Both are important: you need to show the appropriate items to the relevant customer data subset (accuracy), whilst ensuring that all those who would benefit from the recommendation actually receive it (coverage). An accurate recommendation sent to the appropriate customer segment = personalisation. And that’s really what enhances customer retention with the added benefits of upselling and cross-selling opportunities.
However, everything has to work well together. For example, the data collection and storage need to work with your current architecture and the recommender system software. With the ever increasing quantity of information, you also need agility and scalability built in to your system. If you’re running on legacy tech that’s not as straight forward as it sounds – it might not support the functionality you seek.
Why bother with extra functionality?
Let’s return to our fortune teller. For ease, we’ll call her Mary. She can derive information simply by observing you: body language, attire, tone of voice, etc. Some people buy into that but it’s too general for most because anyone can do that. This is like a basic recommendation engine, using your interactions to predict what you’d like.
If she’s perceptive, Mary can tell whether your happy face is a front, your relationship is a sham and your job is a filler while you look for something better. Now, you’re interested but you can still walk away. After all, it could just be lucky guesswork. Does she really know you? This is the realm of the hybrid system – enough similarities to get your attention but not necessarily make you buy.
However, if Mary’s intuitive, she can take all of that information, interpret your history and infer your future behaviour. That’s when you truly feel acknowledged: she really knows me! So you’ll listen to her predictions, trust her insight and overlook any minor inaccuracies. Mary has made a personal connection beyond the average interaction and then taken it to another level. That’s something you’ll go back for again and again. Welcome to the next gen recommender systems.

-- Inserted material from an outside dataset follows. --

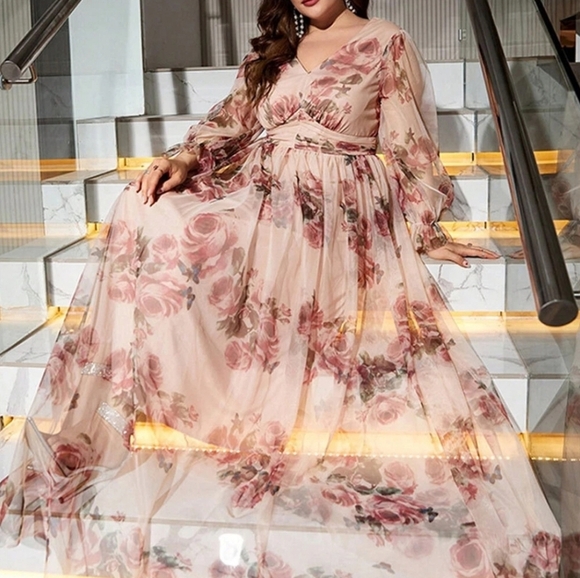 Toleen Plus Size Women Sheer Maxi Dress Size 4XL NWT - Picture 4 of 10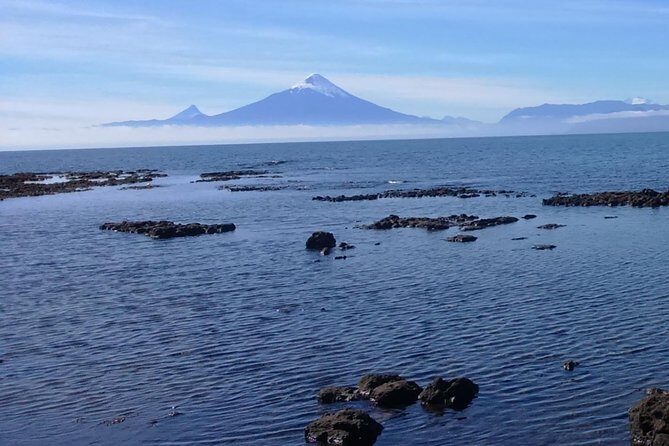 Private Shore Excursion Tour to Puerto Montt, Puerto Varas and Frutillar - Guide Quality & Flexibility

Let’s up the personalisation game
A bespoke online shopping experience equals happy customers who feel acknowledged. A company who shows its clientele that they’re more than just a number will increase their levels of customer satisfaction and retention. Why? Because personalisation is a substitute for the human touch and shows your customers that you care.
Locstat takes personalisation to the next level. We combine our recommender engines with complex event processing (CEP) and graph tech analysis. Think of it as a personal shopper, psychologist and life coach all in one! This unique fusion provides a holistic approach for a connected business. The CEP interprets contextualised data and triggers rules to implement other processes such as contacting a customer who’s about to churn.
Graph based analysis enriches the whole environment and is the most efficient way of connecting data points. It is more accurate and powerful than stats based systems due to the complexity of data it can process and interpret. Essentially, a graph database unlocks the value contained in your data’s relationships.
Furthermore, our recommendation engine has customer segmentation built in: metadata tagging on items and user behaviour data provide item recommendations for specific customers. This enhanced functionality means that you can precisely identify who to target and what to recommend. With all of this at your fingertips it’s difficult not to get personal!